The City of Hagan


HAGAN: Ideally Positioned for Growth!


Located along a recently four-laned stretch of U.S. Hwy. 280, Hagan is undergoing a transformation in retail and commercial business growth. The town adjoins Claxton’s city limits on the west, and includes the Claxton-Evans County Industrial Park which has easy access to Hwy. 280.

With plenty of prime commercial property and areas for residential growth, Hagan is emerging as a growth center in Evans County. A property tax rate of only 3 mills in the town is attractive to homeowners and new business development. Recent additions to the business community include Wiggins Florist, Wiggins Hardware, and C&B Heating and Air.

The city has also progressed toward the future while hanging onto its valuable past. A new city hall was dedicated in early 2003, and dubbed the Maretha Brown Municipal Building. Directly behind it stands a new children’s park, named for long-time city employee, Maggie Lee Lewis.

HAGAN PROVIDES FOR RESIDENTS’ RECREATION

Laid out on an entire city block, the Bradley Memorial Park is an attractive asset to the Hagan cityscape.

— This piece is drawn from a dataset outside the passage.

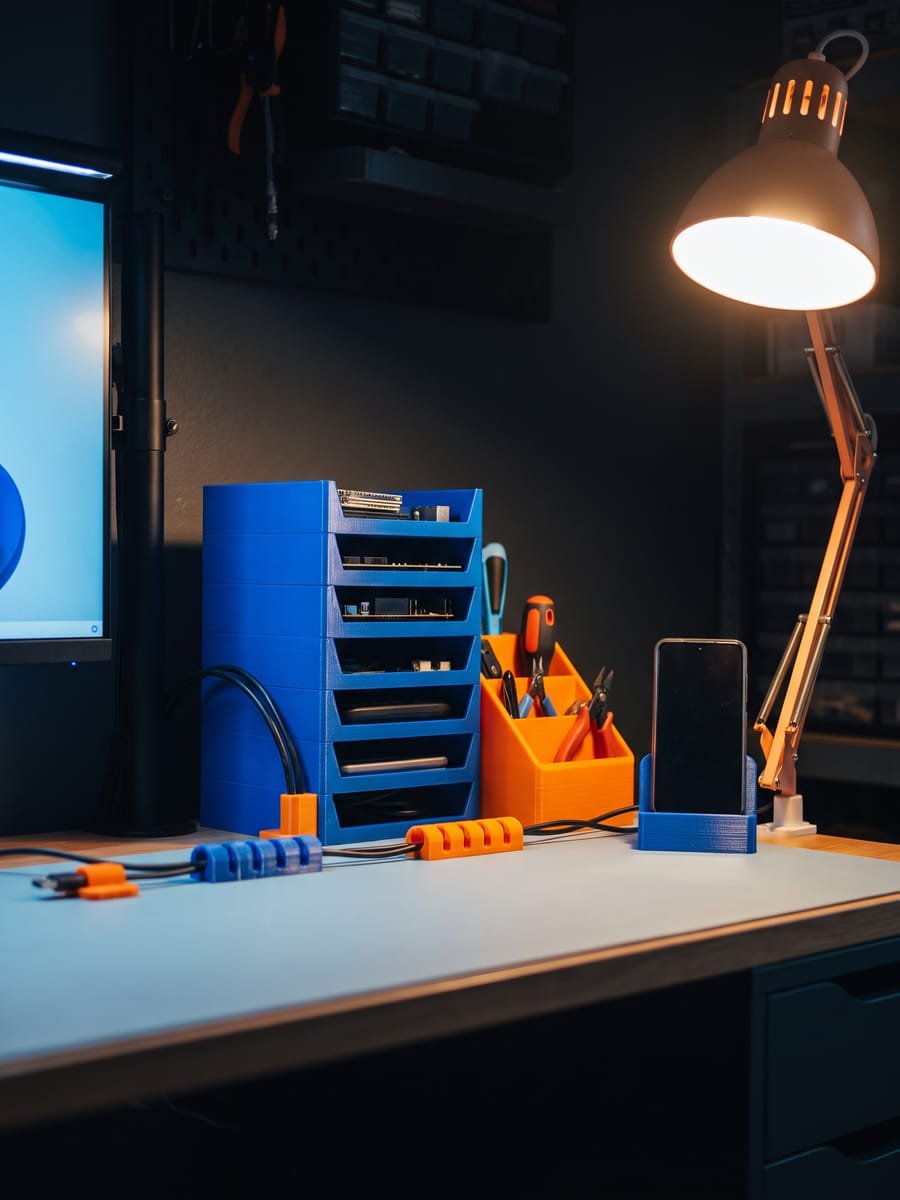 Estação de bancada com torre de bandejas e organizador de ferramentas impressos em 3D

Elected officials have also provided a city park behind the town hall, complete with playground equipment, for kids and their parents to enjoy.

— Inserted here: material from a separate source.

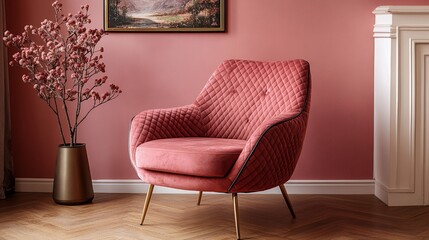 Single armchair beside a smooth wall in a well-lit empty space, neutral colors, simple and sophisticated atmosphere, style book illustration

Public and private interests have worked together to restore and maintain the historic G.W. DeLoach house which was built in the early 1890s by one of the town’s first settlers.

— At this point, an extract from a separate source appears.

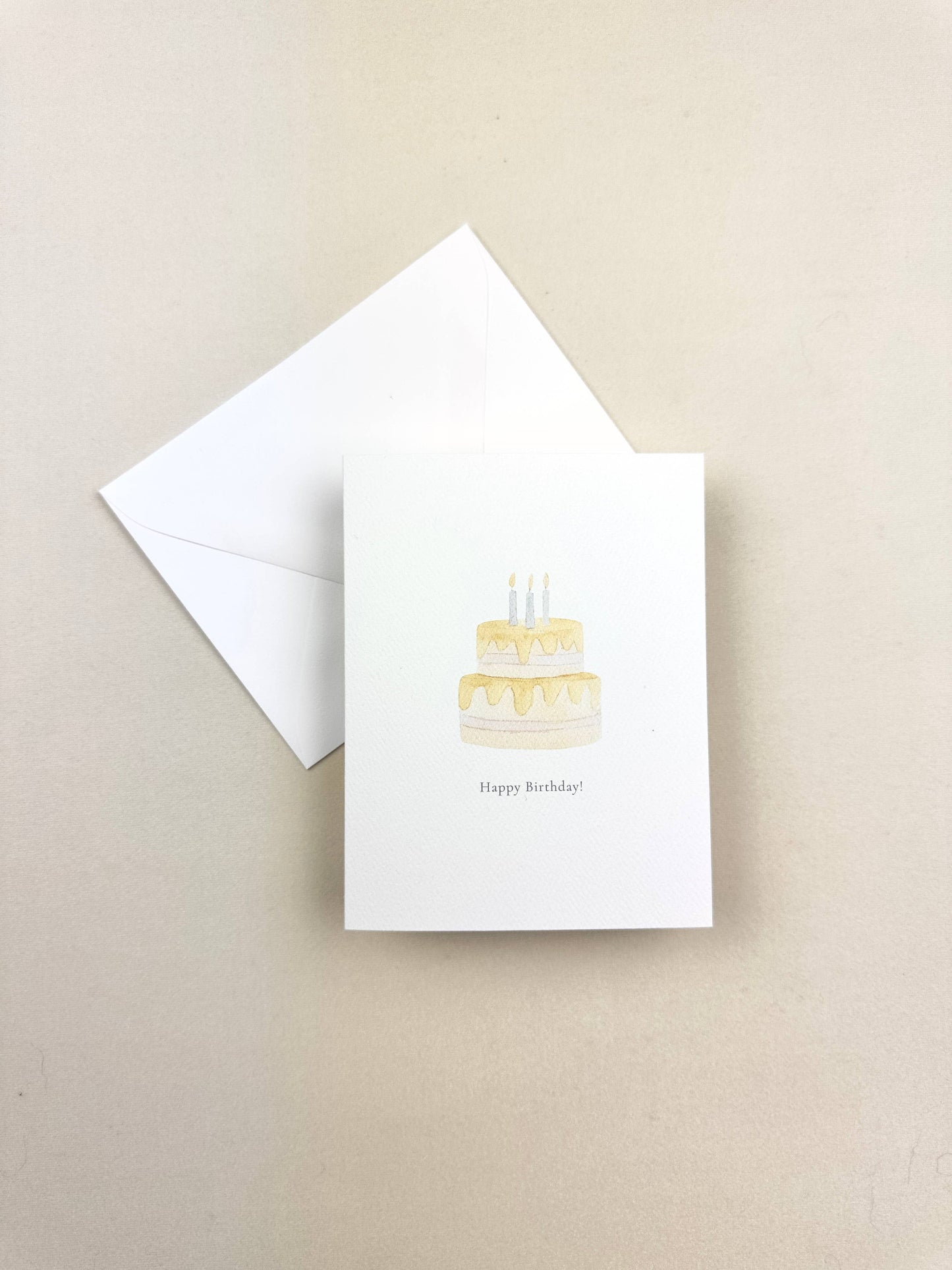 Birthday Cake Watercolor Greeting Card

HAGAN WAS ONCE A PROSPEROUS LUMBER TOWN; NAMED FOR CIVIL WAR WIDOW

Settlements along the route of the Savannah and Western Railroad began to prosper and become established as towns, when the right-of-way for the railroad’s expansion east was secured in the area of what is now Hagan in the year 1889. Marshall A. Smith, who had married Susannah Hagan Brewton after the death of her husband from wounds he received in the Battle of Richmond in the Civil War, was given the opportunity to name the emerging town.

Smith chose ‘Hagan’ because it was his wife’s maiden name. Susan Hagan was first the wife of Simon Brewton, son of Samuel Brewton, and grandson of Nathan Brewton an original settler.

G. Wesley DeLoach's House

G. Wesley DeLoach’s House

G. Wesley DeLoach, his brothers James A. and Mann, arrived in Hagan around 1890. The brothers all built fine homes in the town, including one that G.W. built and later sold to a Bryan County lawyer to get him to move to Hagan. G.W. built several other buildings in Hagan, including the 1896 structure shown in the photograph. He built the two-story home that carries his name and has been restored in a historic preservation effort by private individuals and city officials. The house is used for community and civic functions, and it serves as the backdrop for Hagan’s annual Fourth of July events.

Hagan prospered in the late 1890s as the Perkins family established a sawmill and workers harvested the areas virgin longleaf pine and sawed it into lumber that was transported in carload lots along the S&W rail lines.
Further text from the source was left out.